When the report finally comes out, Rosenstein said “a lot of what we see will deal with that” and it will “clear up questions about Russian election interference.”
“North Korean authorities staged a public trial and shot two female fortune tellers to death last month, forcing tens of thousands of people to watch, in what appeared to be a resumption of public executions,” Radio Free Asia reports.
“The executions of the two women took place in March in North Hamgyong’s Chongjin city, and were aimed at forcing officials to stop patronizing fortune tellers and engaging in other ‘superstitious’ behavior.”
Despite this, or perhaps because of it, President Donald Trump signaled he’s open to another summit with North Korea in a pair of tweets Saturday. The president’s message followed a speech by Kim Jong Un last week in which the leader presented the US with a deadline for moving negotiations between the two countries forward.
According to North Korean state media, Kim took a tough approach, saying, “It is essential for the US to quit its current calculation method and approach us with a new one.”
The North Korean leader said he plans to give the Trump administration “till the end of this year” to come up with a negotiation approach he finds more agreeable, and warned “I think it will definitely be difficult to get such a good opportunity as the previous summit.”

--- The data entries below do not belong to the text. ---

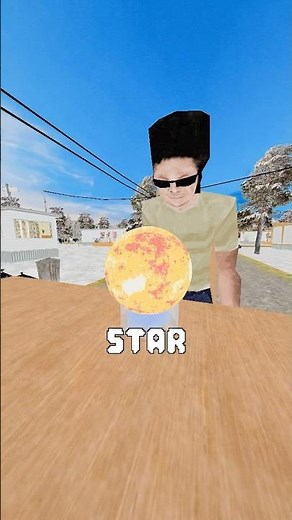 They created a star inside a glass of water 🌟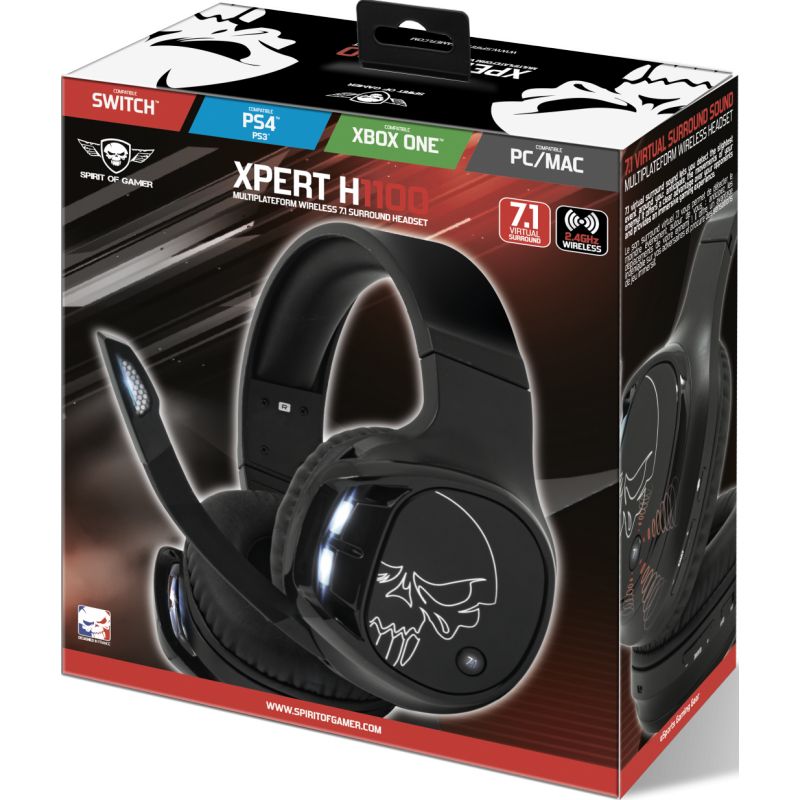 Casque Avec Fil Spirit Of Gamer Pro H3 Switch Edition (Compatible Nintendo  Switch) Mic-Ph3sw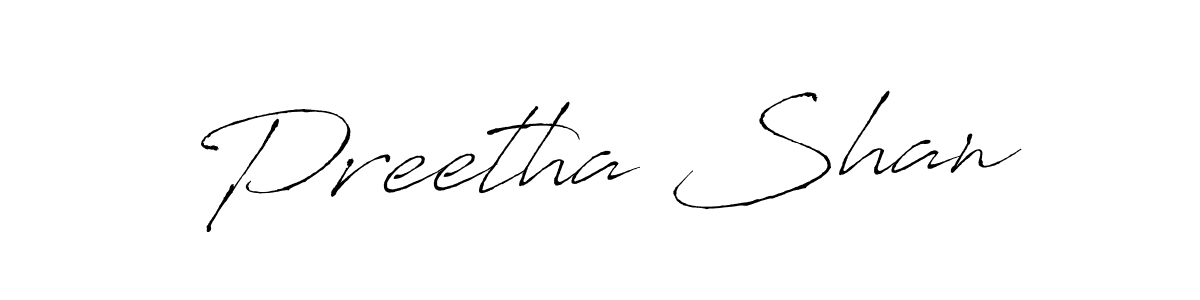 Use a signature maker to create a handwritten signature online. With this signature software, you can design (Antro_Vectra) your own signature for name Preetha Shan. Preetha Shan signature style 6 images and pictures png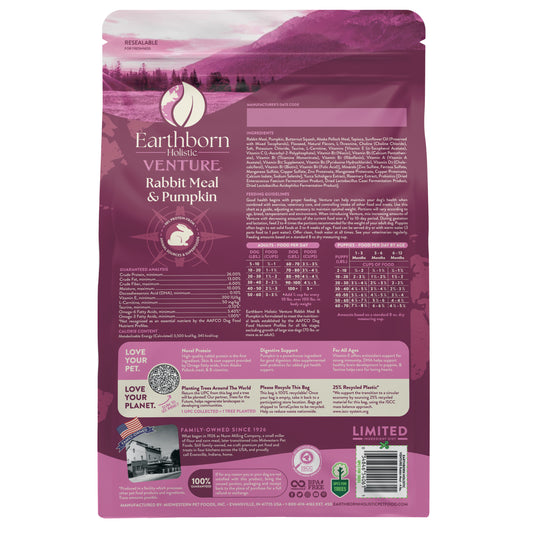 Earthborn Holistic Venture Rabbit Meal & Pumpkin 4 lbs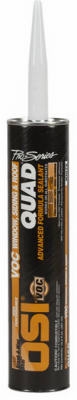 OSI Quad Sealant, White, VOC, 10-oz.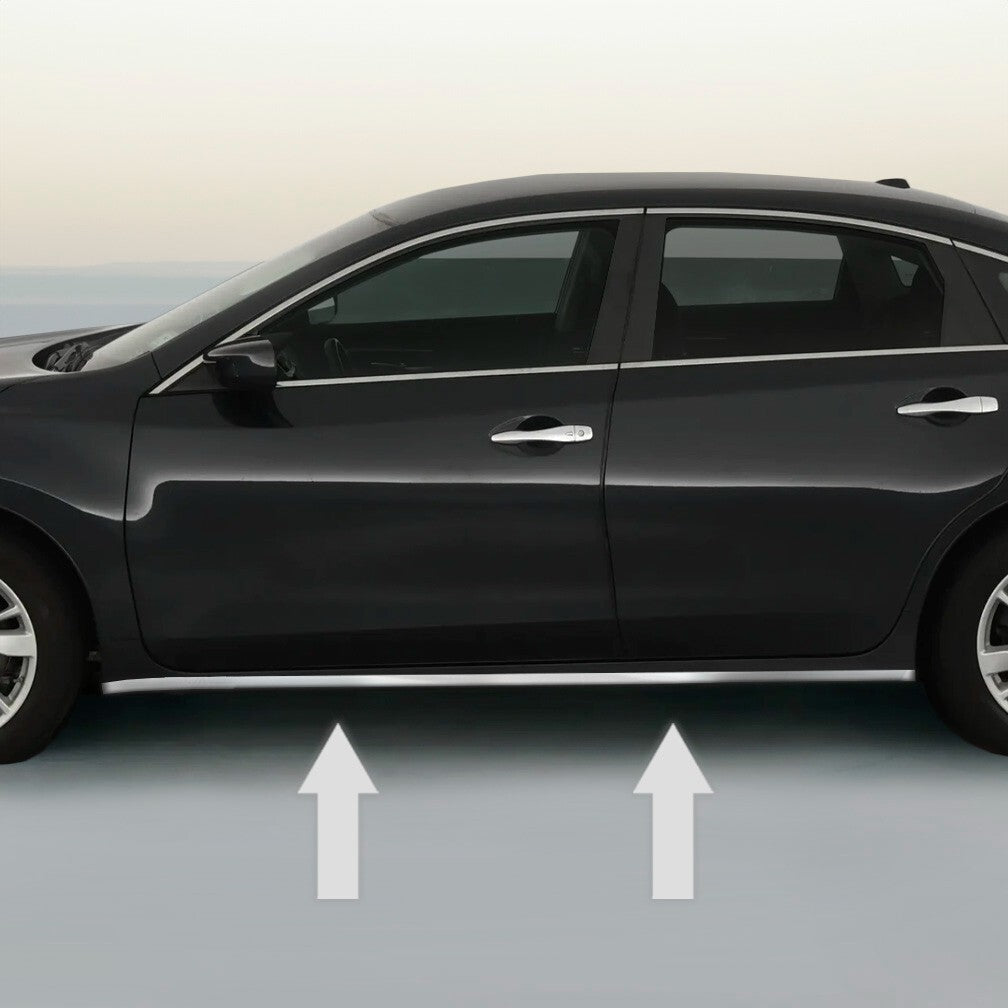 Rocker Panel Chrome Trim Side Molding For Nissan Altima 2013 To 2018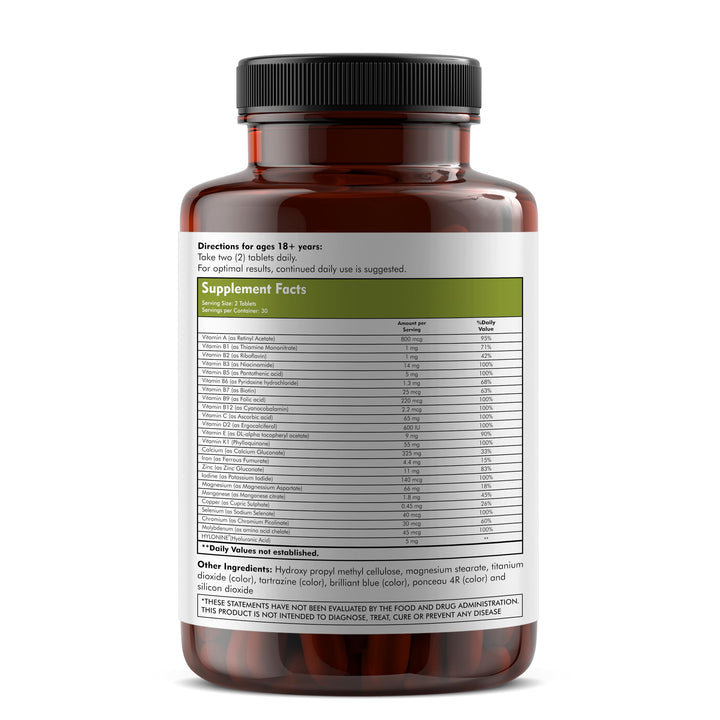 MEIBOTAN Multivitamin Tablets for Men and Women with Zi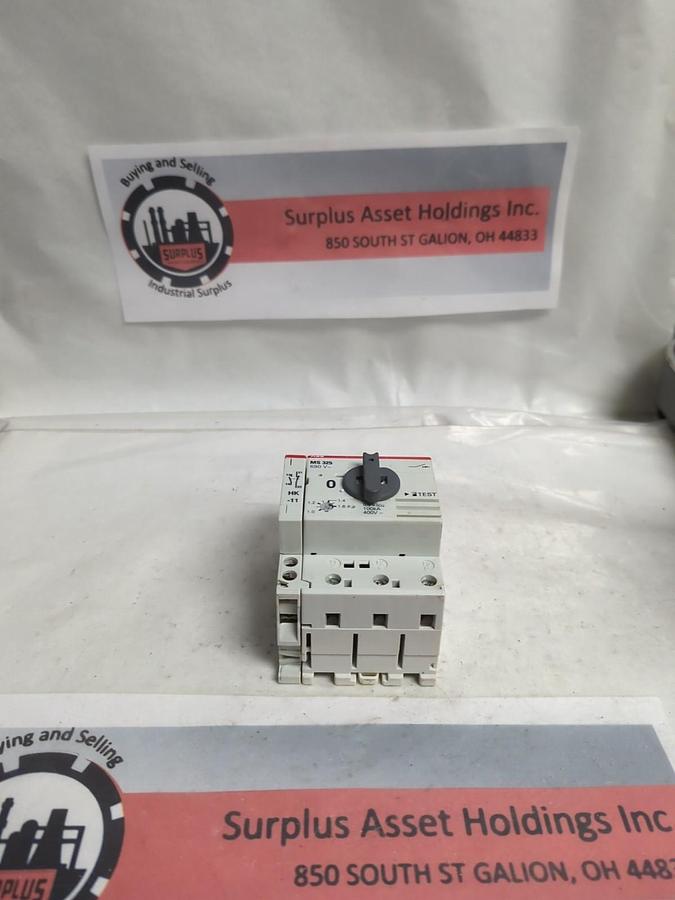 Used ABB,MS 325,MOTOR CIRCUIT BREAKER 690V~ PRE-OWNED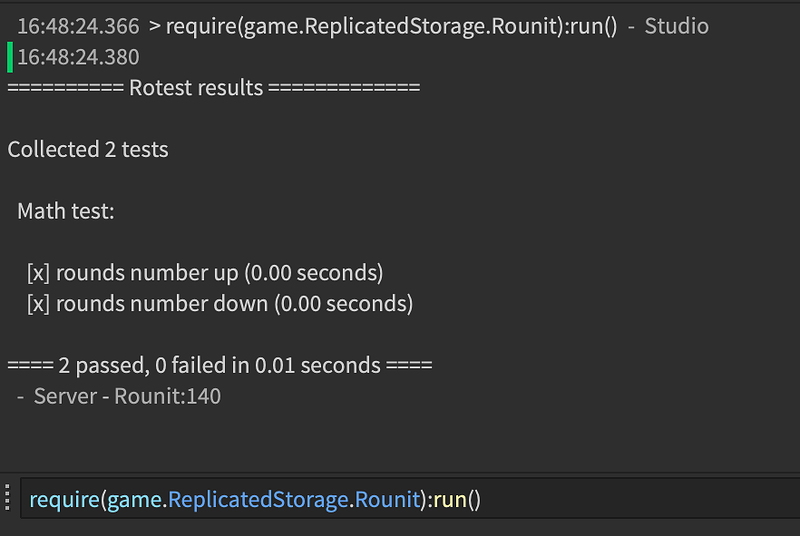 Roblox Testing Block Rotest - An easy to use test framework (open source) - Community ...
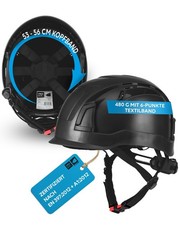 PRO FIT Arbeitsschutzhelm D!-Rock - Sicherheitshelm, belüfteter Bauhelm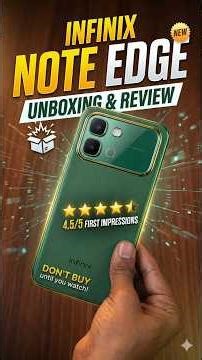 🔥 Don’t buy a phone 📱 before watching this! 🔥Infinix Note Edge – full honest review 💥👉 Display check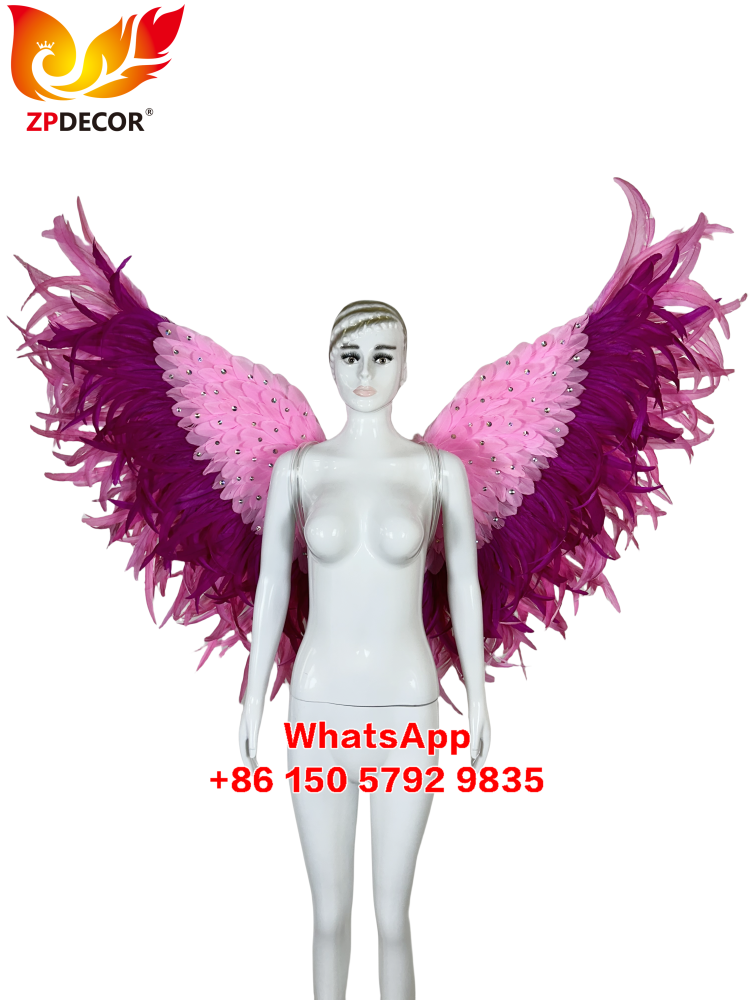 Zpdecor Feathers Factory Supply Feathers Wing for Carnival Costumes and Dance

Daniel Kreiss: “Using staffers’ educational backgrounds, we network analyzed the diversity of connections among presidential campaigns and the universities where staffers graduated. We found that Democratic presidential campaigns have continuously hired staffers from a homogeneous group of universities. Since 2004, Democratic presidential campaigns have hired 25% of the staffers in our dataset from 15 universities including Harvard, NYU, Stanford, Georgetown, UC Berkeley, Yale, Columbia, University of Chicago, Boston University, and DePaul, just to name the top ten.”
“A very different picture emerges on the other side of the aisle. The top three Republican schools are state public institutions: University of Texas, Austin (3%), Ohio State University (2%), and the University of Wisconsin-Madison (1%). The rest of the schools in the Republican top twenty are a mix of public and private institutions, including state schools such as George Mason (2%), the University of Alabama (2%), and Missouri State University (1%) and Brigham Young (2%).”
“For the first time ‘No Religion’ has topped a survey of Americans’ religious identity, according to a new analysis by a political scientist. The non-religious edged out Catholics and evangelicals in the long-running General Social Survey,” CNN reports.
“Ryan Burge, a political scientist at Eastern Illinois University and a Baptist pastor, found that 23.1% of Americans now claim no religion. Catholics came in at 23.0%, and evangelicals were at 22.5%.”
Media Matters reports that in 42 days, from February 25 through April 7, Rep. Alexandria Ocasio-Cortez (D-NY) was mentioned on Fox News and Fox Business 3,181 times.
Her name was mentioned on the network at least once every single day for those six weeks.